The Rolls-Royce (LSE: RR) share price currently rests at 128p, a 10% decrease from the 142p it sat at in early November. This is due to the rising investor fears of the emerging Omicron variant. However, the company’s FY21’s half-year results highlight a focus on financial restoration, evidenced by a large cash flow generation. This explains the 32% rise in share price in September alone.
A look at Rolls-Royce’s considerable increase in liquidity and research development suggests further potential for this stock. I am now encouraged to consider this past month’s price decrease as a buying opportunity. But with a trading update due December 9, how high can the Rolls-Royce share price go?
Operational risk
The company has been continuously challenged by the pandemic’s headwinds on operational construction and cut back on product demand. Rolls-Royce’s annual report for FY20 highlights the company’s struggles with the pandemic, reporting a decrease in underlying revenue from £16,875m to £11,824m across the year. This resulted from the negative impacts on airline demand from coronavirus restrictions.
The Omicron variant suggests further problems ahead. Yet such problems are market-wide, with the FTSE 100 index dropping 4% in late November. This explains the similar price drop in the Rolls-Royce share price. But a focus on its long-term development shows this company to be very well equipped to tackle this new coronavirus variant.
Managerial development
Extensive financial development is a promising feature for this aerospace company. Despite revenue losses, recent targeting of research and other revenue streams has met managerial aims for financial restoration.

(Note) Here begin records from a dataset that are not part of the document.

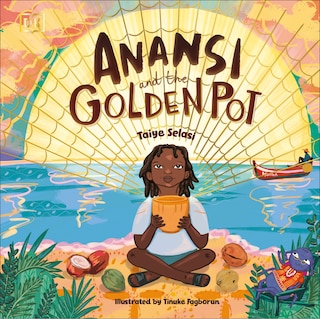 Couverture_Anansi And The Golden Pot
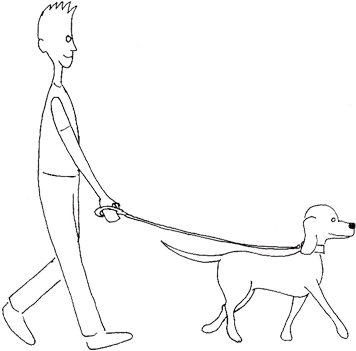 Pets R People - Dog Walking Clip Art (356x351)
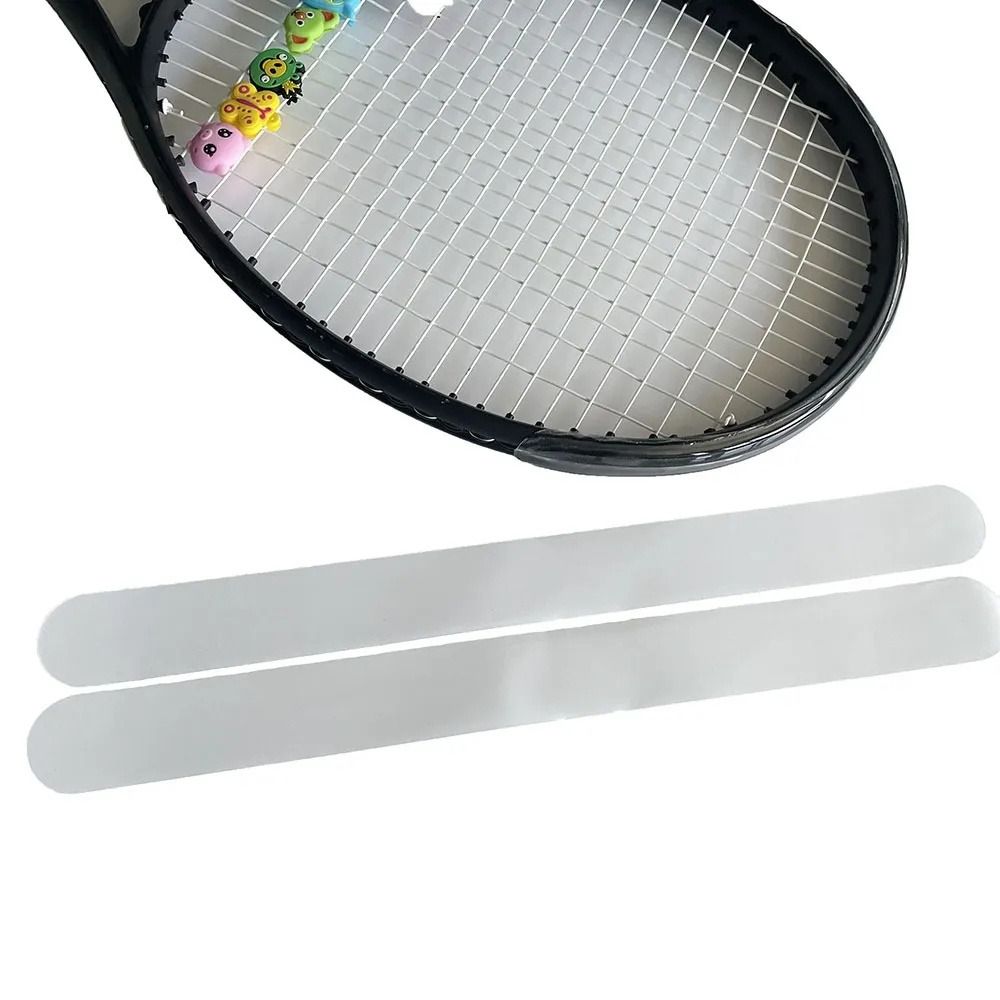 Head Racket Boom - Autocollant transparent pour tête de raquette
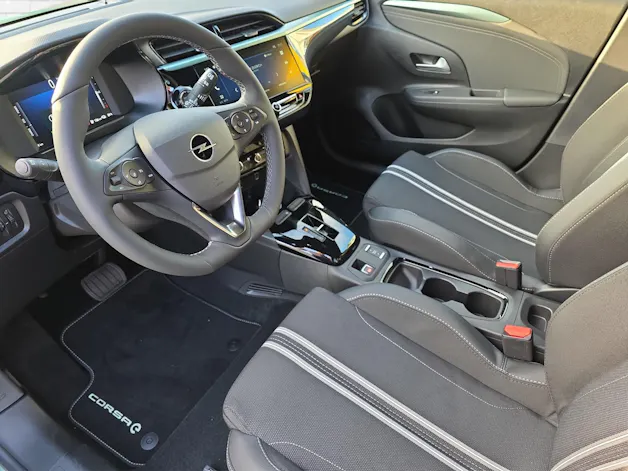 Opel Corsa-e Sporthilfe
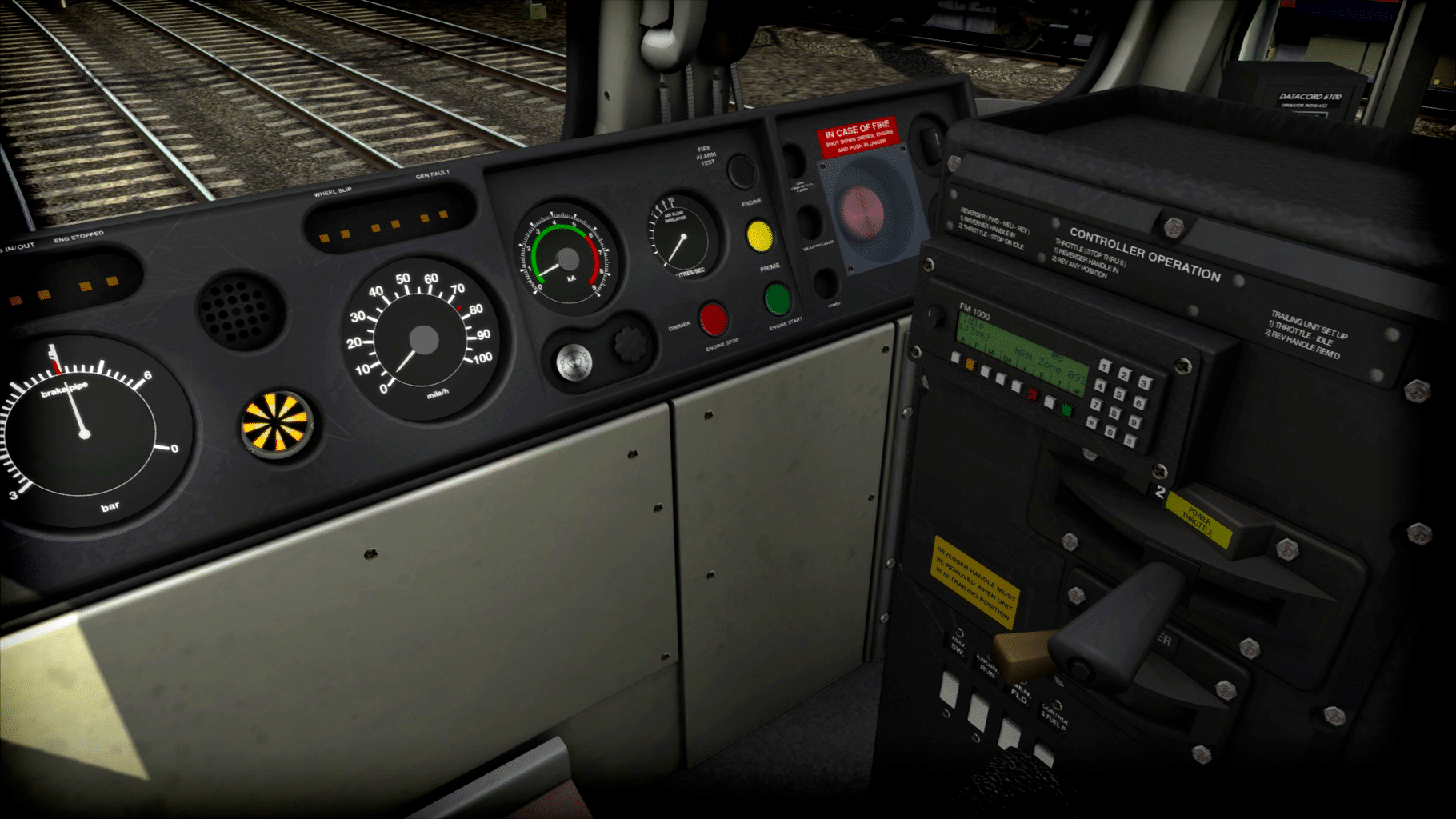 Train Simulator 2021: DB Schenker Class 59/2 Loco screenshot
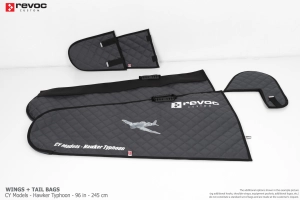 CY Models - Hawker Typhoon - 96 in - 245 cm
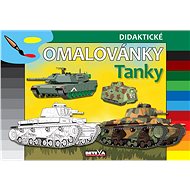 Tanks - Colouring Book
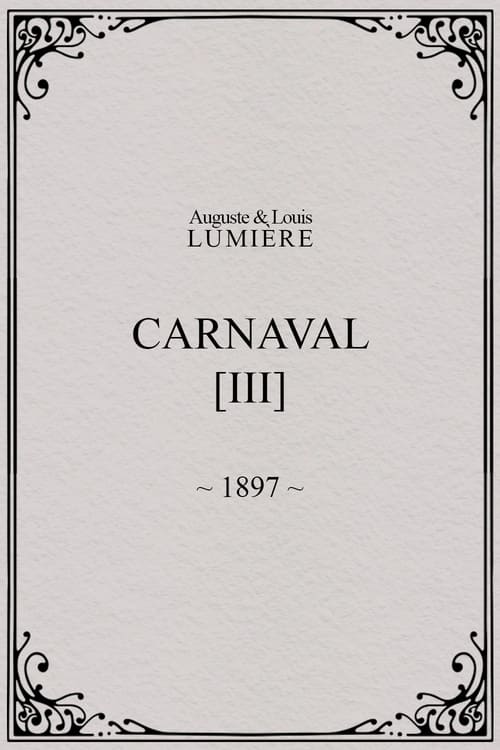 Carnaval, [III]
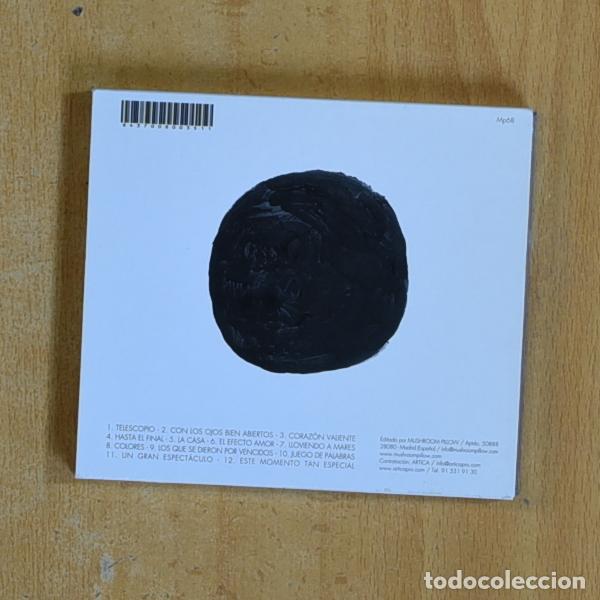 CDs de m&uacute;sica: TRAVOLTA - EL EFECTO AMOR - CD - Foto 2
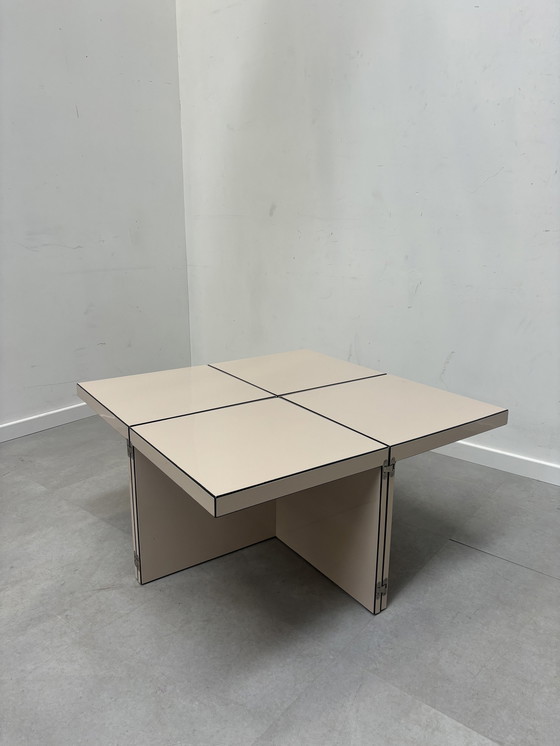 Image 1 of Table basse vintage Domino par Wichers & Blomberg Rosenthal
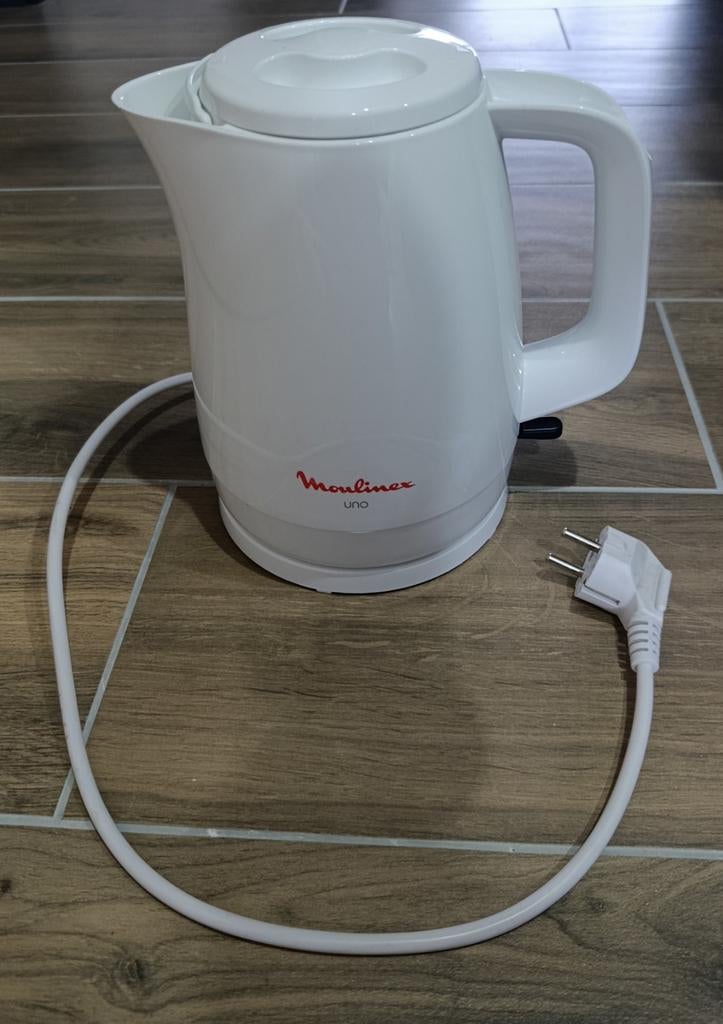 Bouilloire électrique Moulinex Uno blanche, Ophalen of Verzenden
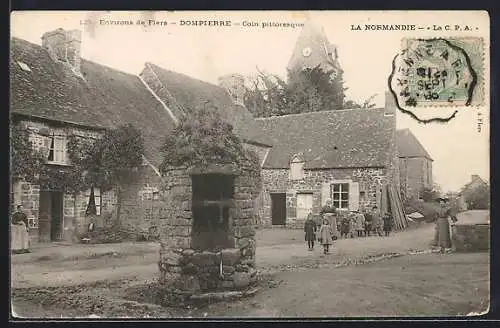 AK Dompierre /Flers, Coin pittoresque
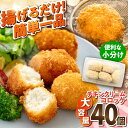 【ふるさと納税】チキンクリームコロッケ 40個 2.2kg ころっけ 揚げ物 惣菜 弁当 冷凍 クリームコロッケ ジューシー 横須賀【有限会社丸伸商事】[AKFH008]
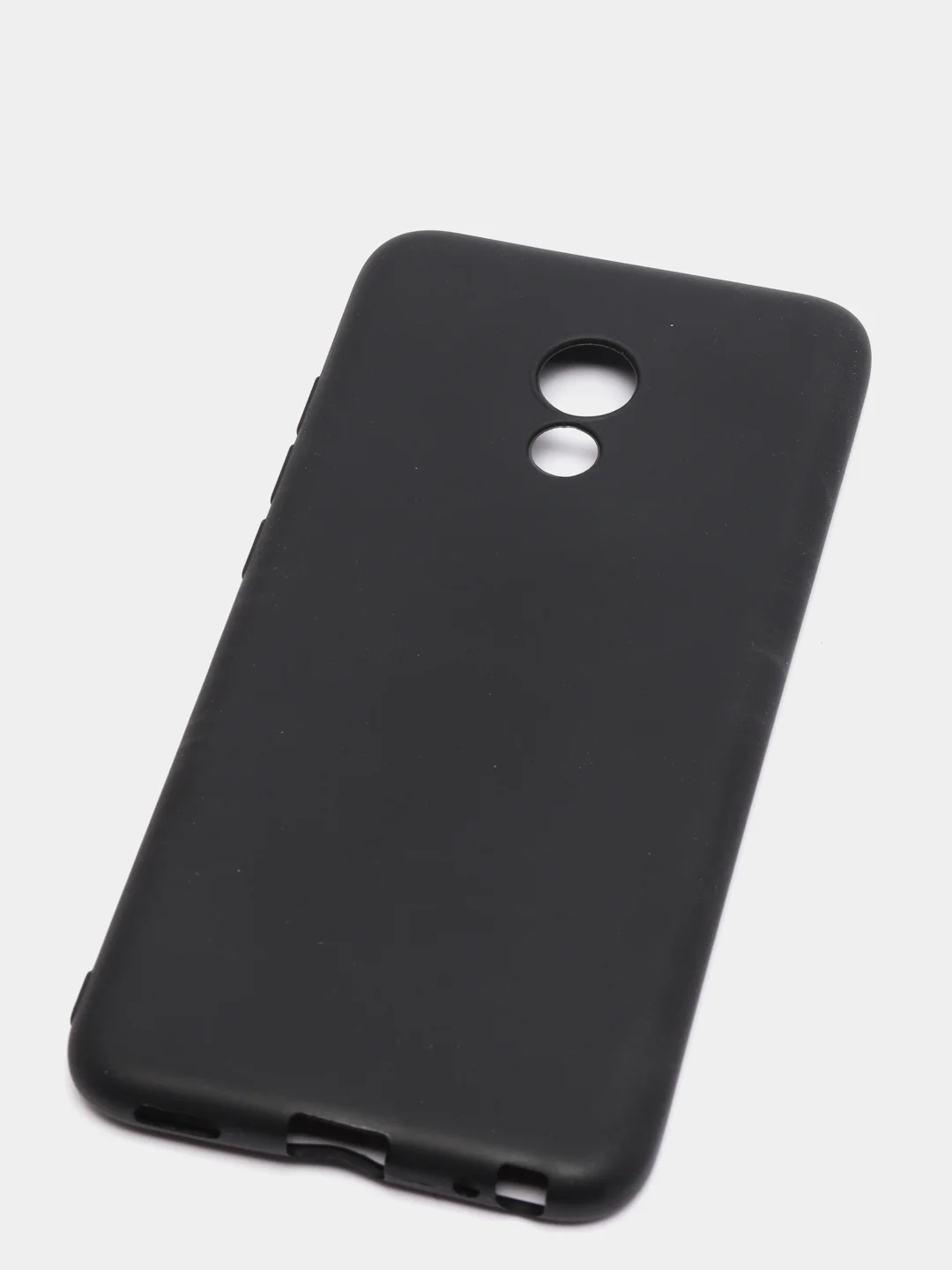 Черный чехол MEIZU 6 pro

A look at the half-year report shows underlying revenue to have only decreased from £5,410m in H1-2020 to £5,227m in H1-2021. Indeed, the company has significantly dropped the revenue decrease suffered during 2019-20. Rolls-Royce has also shifted its focus onto more stable and prospective areas. For example, an increase of £43m in research and development costs suggests the company is adjusting aims toward future expanse. A 4% rise in Defence revenue highlights the ongoing restructuring designed to counteract the impacts of the virus on the aerospace market.
Would I buy Rolls-Royce shares?
A commitment to operational reduction and equity increase has certainly contributed to the value of Rolls-Royce stock. As seen in the half-year report, an 8,000 (of a target 9,000) role reduction has been achieved. This has contributed to the £0.9bn decrease in net debt. Additionally, the £1.7bn increase in free cash outflow has placed the company’s overall liquidity in a strong position. Rolls-Royce’s price-to-earnings ratio is now around 15. This suggests the company may be undervalued, particularly if profits continue to recover.
Rolls-Royce’s revenue and operation has suffered throughout the past year. However, the success of recent financial management has established a concise direction out of this prolonged pandemic. This leads me to have high hopes for the trading update due December 9. Overall, I consider this past month’s dip in share price a great buying opportunity for my investment portfolio.